**Input for this task:**
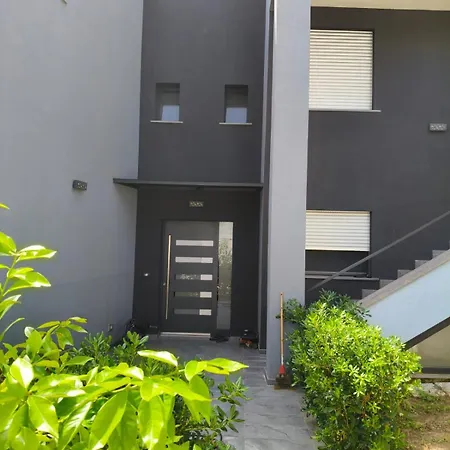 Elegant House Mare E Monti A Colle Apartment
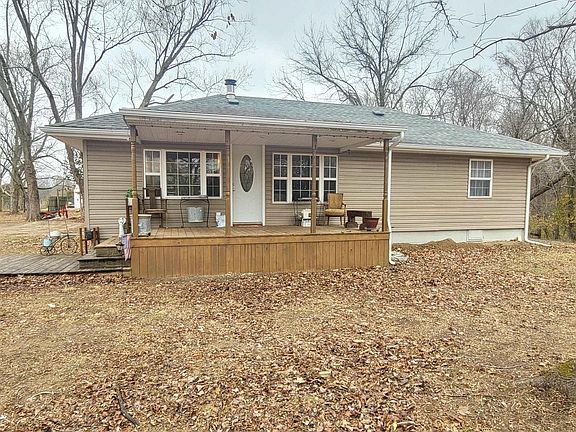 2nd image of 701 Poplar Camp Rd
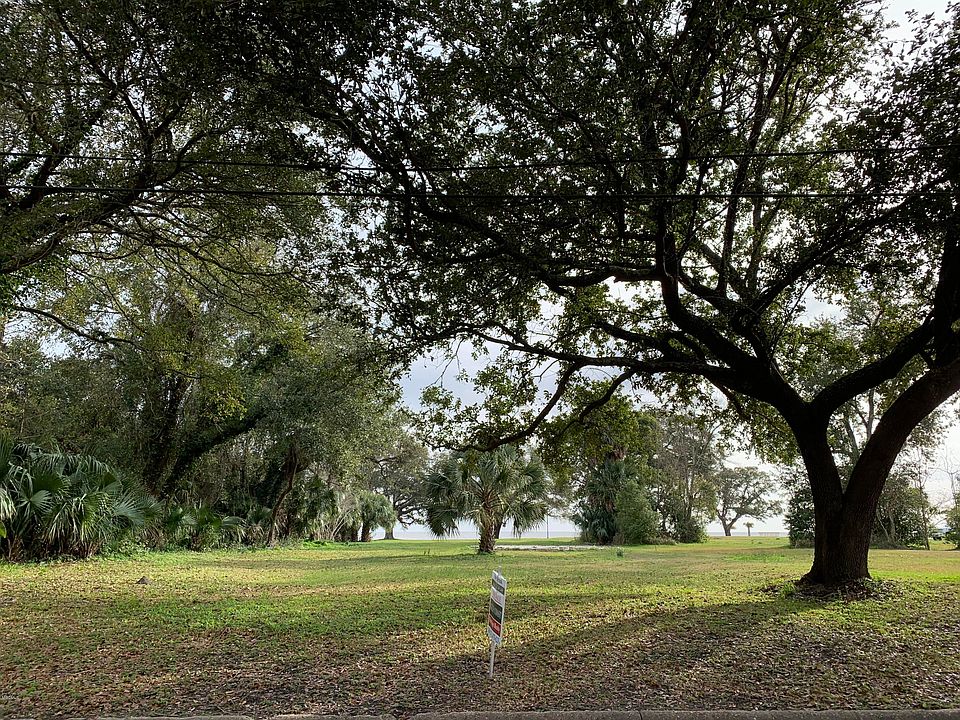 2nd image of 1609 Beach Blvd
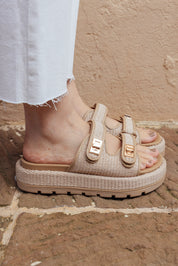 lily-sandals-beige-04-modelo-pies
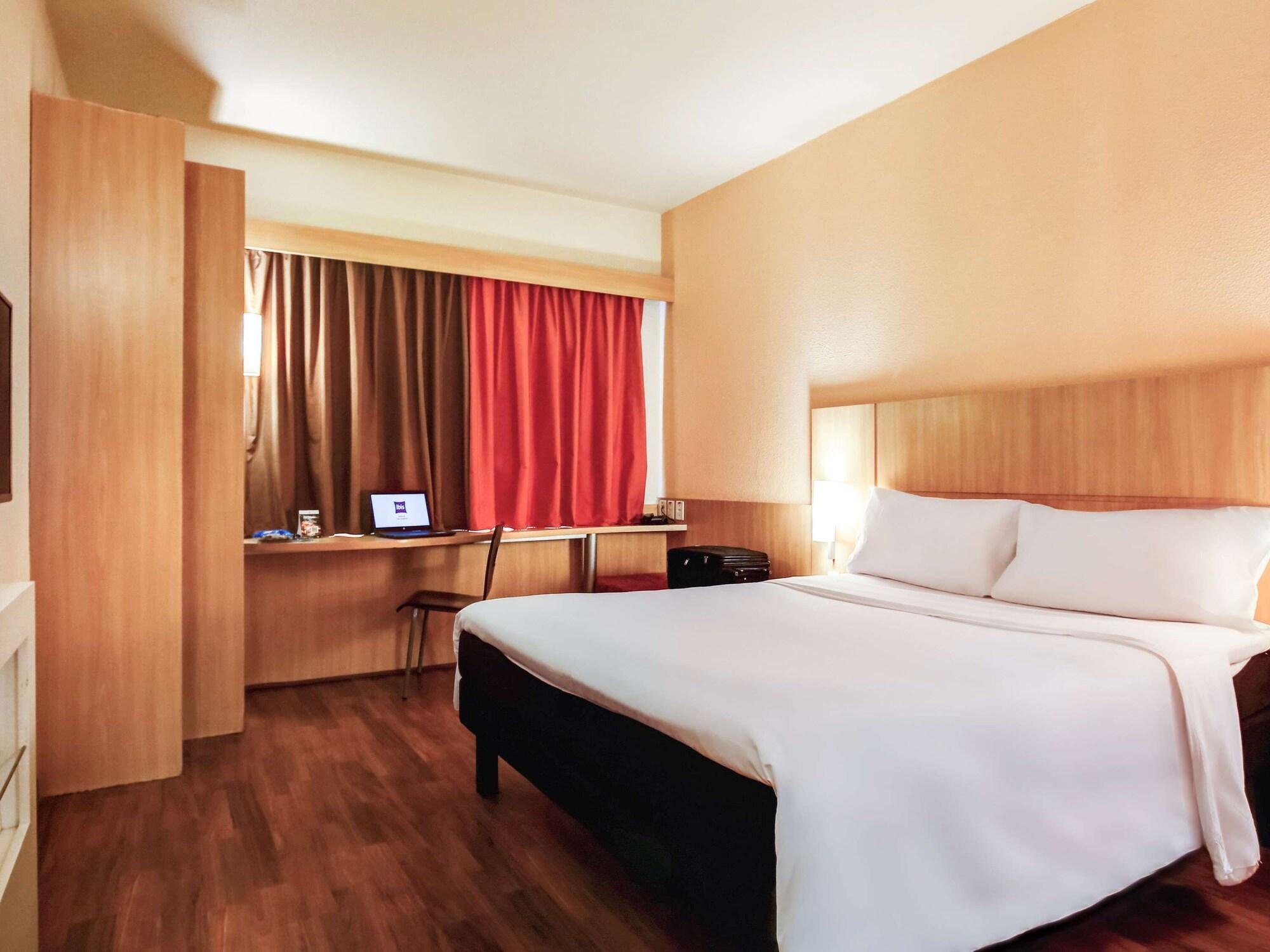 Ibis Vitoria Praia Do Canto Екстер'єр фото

* * *

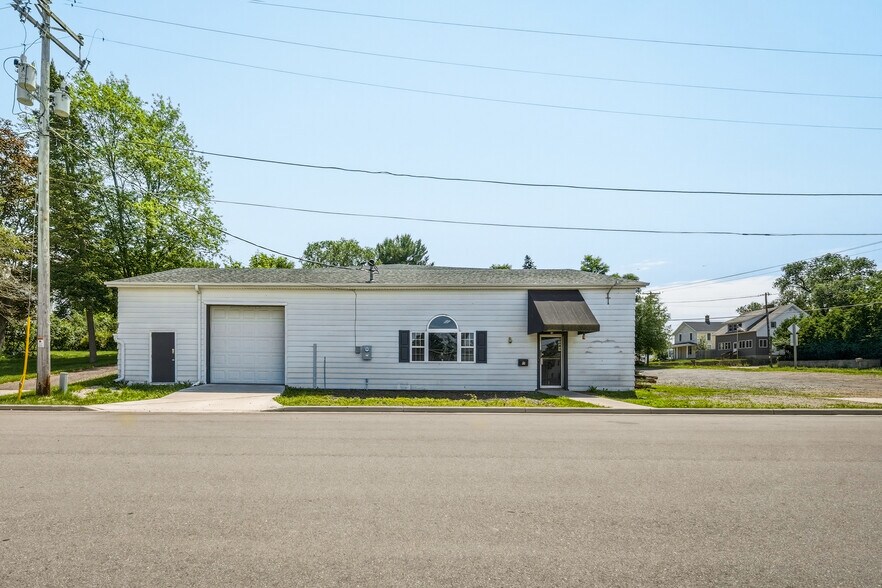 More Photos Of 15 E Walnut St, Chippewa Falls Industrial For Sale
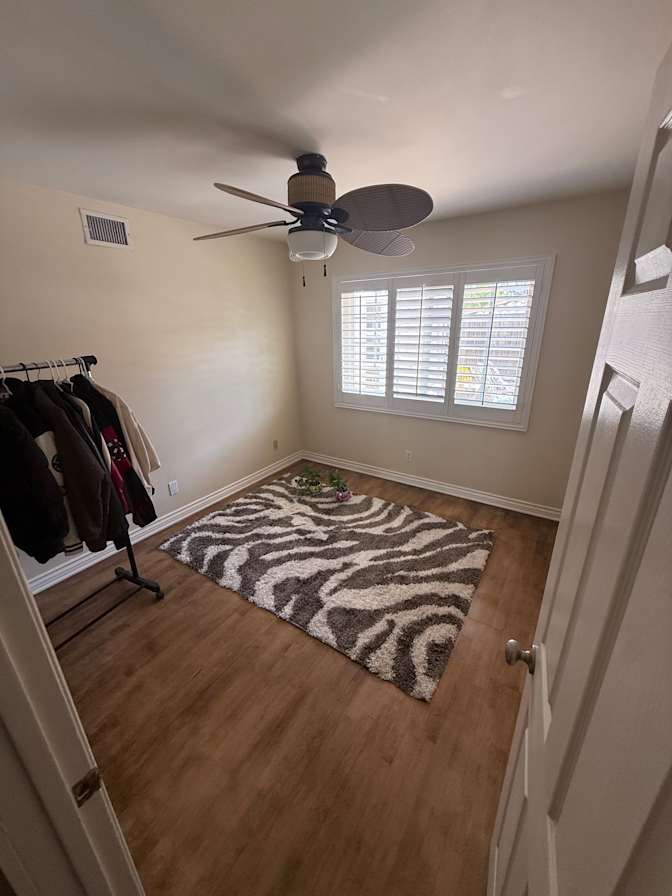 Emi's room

...

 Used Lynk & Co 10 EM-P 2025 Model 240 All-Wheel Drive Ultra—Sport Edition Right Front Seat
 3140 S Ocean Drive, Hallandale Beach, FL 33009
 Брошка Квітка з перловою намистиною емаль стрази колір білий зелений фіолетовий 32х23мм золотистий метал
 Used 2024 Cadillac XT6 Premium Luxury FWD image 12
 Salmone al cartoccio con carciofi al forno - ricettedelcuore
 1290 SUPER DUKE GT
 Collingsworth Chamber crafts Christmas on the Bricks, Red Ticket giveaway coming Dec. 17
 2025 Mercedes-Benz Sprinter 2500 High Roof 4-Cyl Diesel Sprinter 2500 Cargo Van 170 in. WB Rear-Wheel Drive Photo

**What you should do:**
Above are records with pictures. Reproduce exactly only the lines from the line with "2nd image of 701 Poplar Camp Rd" through the line with "Ibis Vitoria Praia Do Canto Екстер'єр фото", both ends included, and leave the pictures out.

**Answer:**
 2nd image of 701 Poplar Camp Rd
 2nd image of 1609 Beach Blvd
 lily-sandals-beige-04-modelo-pies
 Ibis Vitoria Praia Do Canto Екстер'єр фото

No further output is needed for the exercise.